"Jeff Noon est né de la copulation contre-nature d'un caillou de crack, d'une platine de DJ et d'un stylo Bic tout rongé."
C'est par cette bien énigmatique introduction de critique d'ElGato (http://www.senscritique.com/livre/Vurt/critique/360421) et par les chroniques non moins étranges de la Salle 101 que j'entends parler de Jeff Noon et de son Manchester psychédélique.
Après avoir bouclé "Pollen", il faut que je me pose un moment pour écrire une bafouille sur le premier que j'ai lu, "Vurt".

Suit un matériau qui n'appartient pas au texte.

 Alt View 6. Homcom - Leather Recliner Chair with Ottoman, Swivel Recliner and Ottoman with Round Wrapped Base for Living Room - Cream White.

Jeff Noon nous embarque à la suite d'un groupe de junkies dans un Manchester du futur, oubliez voitures volantes et monde connecté. Le monde de Noon est tourné vers son pendant rêvé, le Vurt. Je serai bien incapable d'en donner une définition claire et fidèle à l'auteur, mais il vous faut saisir l'idée. Le Vurt découvert par miss Hobart, c'est le monde auquel on accède en prenant des plumes-rêve. Selon la couleur ces plumes sont légales ou illégales, dangereuses ou pas. Notre groupe a fait l'expérience ultime d'une plume jaune, hautement illégale et mortelle, et y a échangé Desdemone, soeur de Scribble, le héros, leur but est de retrouver cette même plume et de faire l'échange inverse.
Tout ceci parait bien simple sauf que ce Manchester est un bordel incroyable, les humains sont toujours là mais existent aussi des ombres, des chiens, des robots et des mélanges de toutes ces races. Le road-movie halluciné de la bande à Scribble va les mener dans le vurt, chez des DJ-chiens, chez une star du porno-vurt et j'en passe. L'histoire est dense et manque un peu de liant, on passe souvent d'un événement à un autre en oubliant ce que les héros foutent là ...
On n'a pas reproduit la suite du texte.